#### Exercise requirements:
Could you give the data that follows again exactly, without its pictures?

=== Data ===

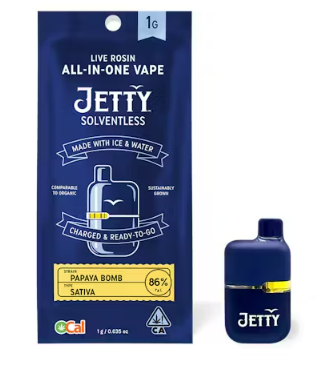 Photograph of product: Jetty Papaya Bomb Oui'd Mini Tank Vape AIO OCal Solventless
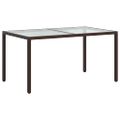 vidaXL Záhradný stôl 150x90x75 cm tvrdené sklo a polyratan hnedý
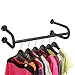 MyGift Modern Black Metal Clothes Rod Wall Mounted Hanging Garment Clothing Hanger Bar for Closet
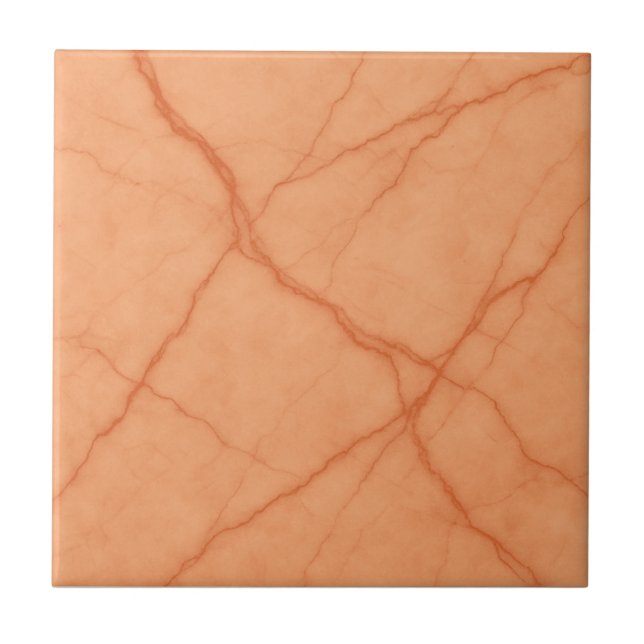 Coral Ember Vein - Warm Marble Effect Tile Kakelplatta (Framsidan)
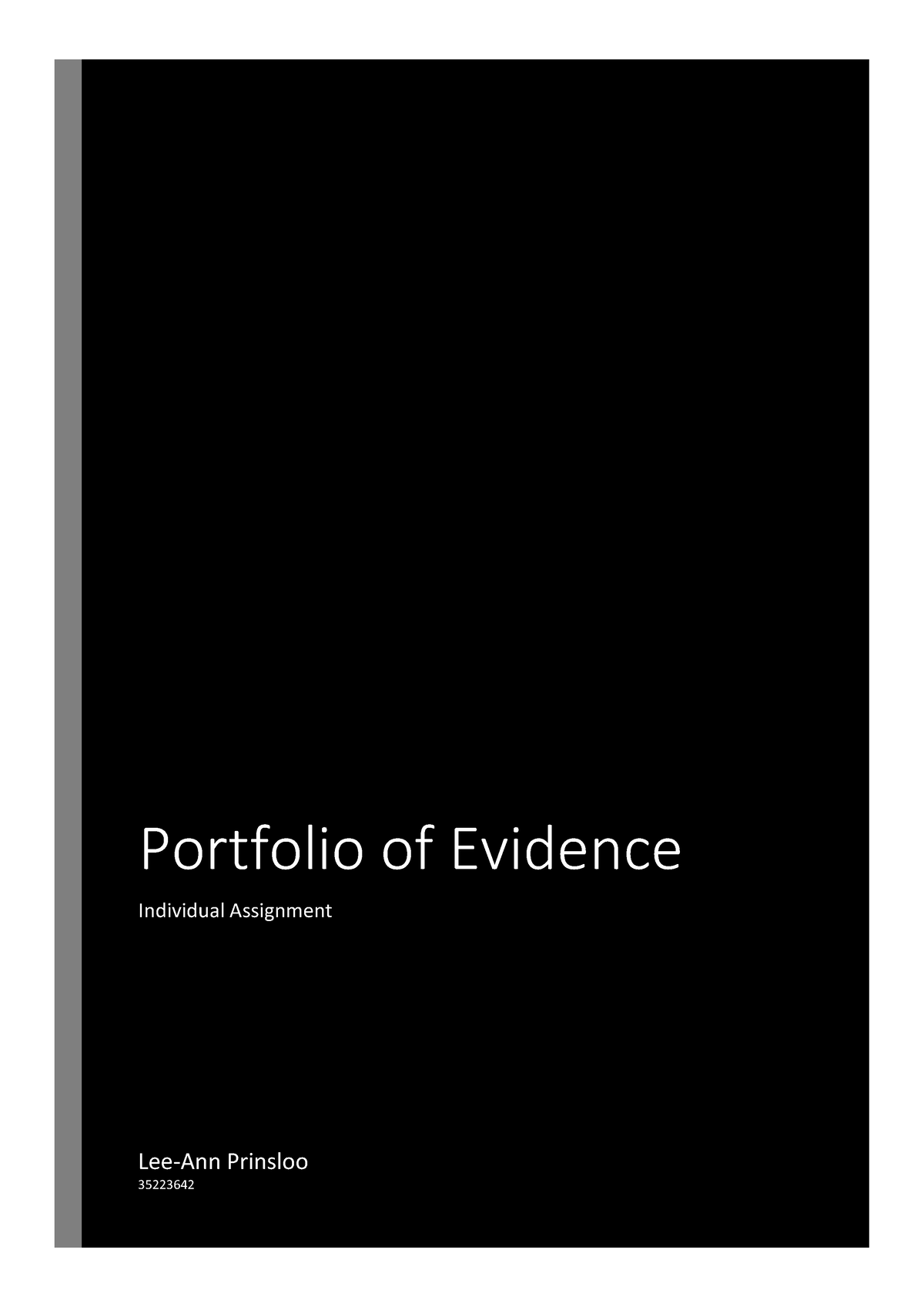 portfolio of evidence assignment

===

#### Response to the exercise:
 Photograph of product: Jetty Papaya Bomb Oui'd Mini Tank Vape AIO OCal Solventless
 vidaXL Záhradný stôl 150x90x75 cm tvrdené sklo a polyratan hnedý
 MyGift Modern Black Metal Clothes Rod Wall Mounted Hanging Garment Clothing Hanger Bar for Closet
 Coral Ember Vein - Warm Marble Effect Tile Kakelplatta (Framsidan)
 portfolio of evidence assignment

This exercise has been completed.